Turnabout defeats Albany landfill vote again

By JORDAN CARLEO-EVANGELIST, Staff writer , reprinted from the Times Union, First published in print: Tuesday, May 4, 2010

ALBANY — City lawmakers on Monday again rejected a crucial borrowing measure to allow the city to continue the Rapp Road Landfill expansion, dealing another blow to Mayor Jerry Jennings’ administration and once again leaving the future of the controversial facility in doubt.

The roadblock prompted supporters of the $1.35 million bonding ordinance to charge that their colleagues are setting the city up for a fiscal nightmare — and possibly a control board — if the full, seven-year expansion isn’t completed.

“This is an extremely serious situation for the budget — for the present and future,” said Council Majority Leader Daniel Herring, adding that opponents have put forward “no responsible proposal.”

The defeat came with a cruel twist for backers of the ordinance, who believed they had secured the 10 votes needed to pass it when Councilwoman Cathy Fahey, who voted against it in March 15, said she would reluctantly support it.

But their hopes were dashed when Councilwoman Jackie Jenkins-Cox, who supported it last time, voted “no.” It failed 6-9.

Jenkins-Cox, who represents the 5th Ward in West Hill, said she changed her vote after hearing from three constituents Friday about the increasingly heavy tax burden the city is foisting on them.

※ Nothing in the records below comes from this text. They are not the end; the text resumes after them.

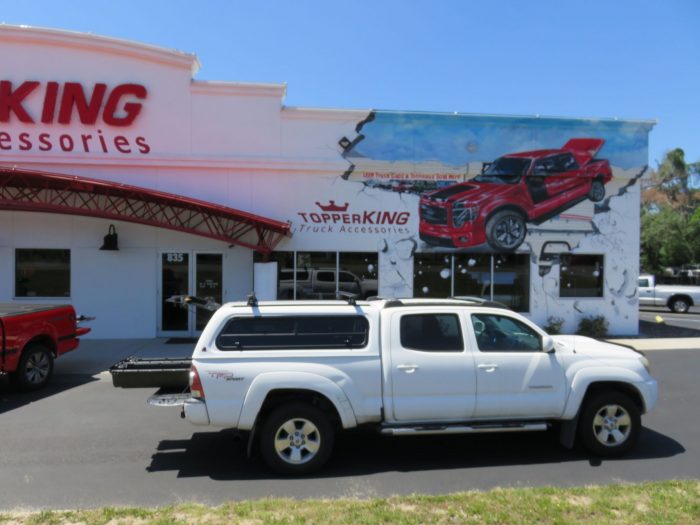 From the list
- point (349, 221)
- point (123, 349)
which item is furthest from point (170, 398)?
point (349, 221)

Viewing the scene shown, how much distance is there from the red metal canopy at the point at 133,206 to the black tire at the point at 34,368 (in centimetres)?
419

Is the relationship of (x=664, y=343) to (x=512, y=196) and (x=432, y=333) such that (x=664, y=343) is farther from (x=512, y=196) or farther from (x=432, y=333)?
(x=432, y=333)

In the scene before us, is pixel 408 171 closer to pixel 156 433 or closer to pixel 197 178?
pixel 197 178

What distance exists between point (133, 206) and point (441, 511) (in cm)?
1120

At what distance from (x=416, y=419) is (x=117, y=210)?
9781 millimetres

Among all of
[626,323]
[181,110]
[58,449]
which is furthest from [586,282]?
[58,449]

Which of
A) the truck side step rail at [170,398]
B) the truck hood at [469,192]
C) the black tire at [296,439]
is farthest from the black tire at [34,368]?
the truck hood at [469,192]

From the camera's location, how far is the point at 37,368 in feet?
26.9

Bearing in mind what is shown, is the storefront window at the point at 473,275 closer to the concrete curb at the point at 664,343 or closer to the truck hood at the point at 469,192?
the truck hood at the point at 469,192

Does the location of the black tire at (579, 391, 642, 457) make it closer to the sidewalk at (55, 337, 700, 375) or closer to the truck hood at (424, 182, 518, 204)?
the sidewalk at (55, 337, 700, 375)

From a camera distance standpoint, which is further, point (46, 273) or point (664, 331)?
point (664, 331)

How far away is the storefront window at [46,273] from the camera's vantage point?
1298 centimetres

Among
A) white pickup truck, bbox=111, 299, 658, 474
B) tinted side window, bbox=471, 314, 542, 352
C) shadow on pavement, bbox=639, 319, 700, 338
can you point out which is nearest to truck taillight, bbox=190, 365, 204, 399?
white pickup truck, bbox=111, 299, 658, 474

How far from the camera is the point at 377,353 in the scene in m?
4.97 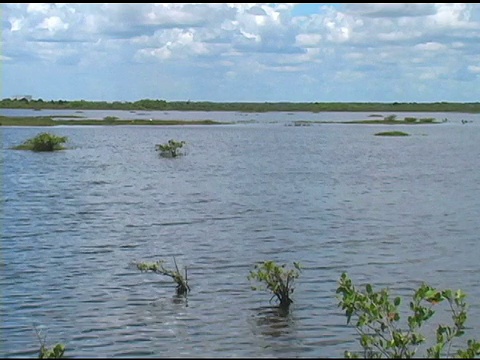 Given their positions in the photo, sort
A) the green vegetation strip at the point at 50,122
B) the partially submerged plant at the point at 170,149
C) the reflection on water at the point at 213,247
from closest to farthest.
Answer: the reflection on water at the point at 213,247, the partially submerged plant at the point at 170,149, the green vegetation strip at the point at 50,122

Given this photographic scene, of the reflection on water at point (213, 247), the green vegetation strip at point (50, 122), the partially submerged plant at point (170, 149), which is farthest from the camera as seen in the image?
the green vegetation strip at point (50, 122)

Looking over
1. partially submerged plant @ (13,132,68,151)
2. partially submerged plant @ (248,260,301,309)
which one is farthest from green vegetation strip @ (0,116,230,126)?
partially submerged plant @ (248,260,301,309)

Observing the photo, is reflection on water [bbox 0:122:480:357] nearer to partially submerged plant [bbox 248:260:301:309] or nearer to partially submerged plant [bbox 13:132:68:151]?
partially submerged plant [bbox 248:260:301:309]

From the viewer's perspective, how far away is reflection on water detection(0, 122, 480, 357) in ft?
41.5

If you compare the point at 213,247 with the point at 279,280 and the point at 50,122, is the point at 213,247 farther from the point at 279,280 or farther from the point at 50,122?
the point at 50,122

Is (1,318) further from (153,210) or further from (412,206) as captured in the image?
(412,206)

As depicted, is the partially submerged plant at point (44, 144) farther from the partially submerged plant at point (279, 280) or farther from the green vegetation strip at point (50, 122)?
the partially submerged plant at point (279, 280)

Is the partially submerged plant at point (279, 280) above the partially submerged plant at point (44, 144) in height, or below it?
below

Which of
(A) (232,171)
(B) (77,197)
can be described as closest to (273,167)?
(A) (232,171)

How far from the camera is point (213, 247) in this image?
20031 mm

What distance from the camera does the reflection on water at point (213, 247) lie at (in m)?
12.6

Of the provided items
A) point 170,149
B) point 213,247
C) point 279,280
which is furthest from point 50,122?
point 279,280

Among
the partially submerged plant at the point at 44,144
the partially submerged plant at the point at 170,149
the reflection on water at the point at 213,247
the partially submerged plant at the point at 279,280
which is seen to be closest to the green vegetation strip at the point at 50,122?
the partially submerged plant at the point at 44,144

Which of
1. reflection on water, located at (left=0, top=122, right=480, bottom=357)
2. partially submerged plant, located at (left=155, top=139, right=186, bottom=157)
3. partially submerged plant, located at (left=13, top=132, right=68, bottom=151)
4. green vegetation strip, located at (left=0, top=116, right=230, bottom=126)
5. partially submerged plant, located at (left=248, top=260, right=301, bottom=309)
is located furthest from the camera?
green vegetation strip, located at (left=0, top=116, right=230, bottom=126) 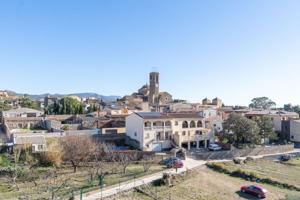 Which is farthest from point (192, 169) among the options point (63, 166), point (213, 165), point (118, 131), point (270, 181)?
point (118, 131)

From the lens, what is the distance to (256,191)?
101 ft

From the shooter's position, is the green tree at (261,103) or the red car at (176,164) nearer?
the red car at (176,164)

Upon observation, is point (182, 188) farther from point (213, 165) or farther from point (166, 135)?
point (166, 135)

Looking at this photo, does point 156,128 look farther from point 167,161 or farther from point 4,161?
point 4,161

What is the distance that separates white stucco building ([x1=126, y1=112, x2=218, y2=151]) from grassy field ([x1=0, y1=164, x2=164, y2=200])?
7.25 metres

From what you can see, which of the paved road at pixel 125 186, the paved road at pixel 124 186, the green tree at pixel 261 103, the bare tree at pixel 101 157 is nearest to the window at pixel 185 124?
the paved road at pixel 125 186

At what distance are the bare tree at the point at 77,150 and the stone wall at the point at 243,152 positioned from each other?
1491 centimetres

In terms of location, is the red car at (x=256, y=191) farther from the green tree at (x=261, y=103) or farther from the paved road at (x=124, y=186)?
the green tree at (x=261, y=103)

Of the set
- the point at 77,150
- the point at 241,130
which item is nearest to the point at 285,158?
the point at 241,130

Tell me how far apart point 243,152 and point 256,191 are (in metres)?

“If we keep voting to pass bond after bond, it’s only going to increase their taxes,” she said. “I think my constituents are going to be happy that I did this for them.”

The turnabout prompted Councilman Lester Freeman, who opposes the borrowing, to openly celebrate with a fist pump and broad smile as Jenkins-Cox registered her vote, which clearly stunned others.

Joining Jenkins-Cox and Freeman voting no were Council members Barbara Smith, Leah Golby, Dominick Calsolaro and Anton Konev.

The ordinance would have authorized the city to borrow money for professional fees associated with the 15-acre expansion into the Pine Bush.

Phase one of that expansion, already underway, will give the city two more years of landfill space, officials have said. Phase two, which is currently in the planning stages, could extend that life to between seven and nine years.

For years, and by many accounts, Albany has relied heavily on landfill revenue to subsidize its daily operations, but opponents of the borrowing question how lucrative the facility truly is when the city has never fully accounted for the costs of running it. The added debt, they warn, may not be worth it.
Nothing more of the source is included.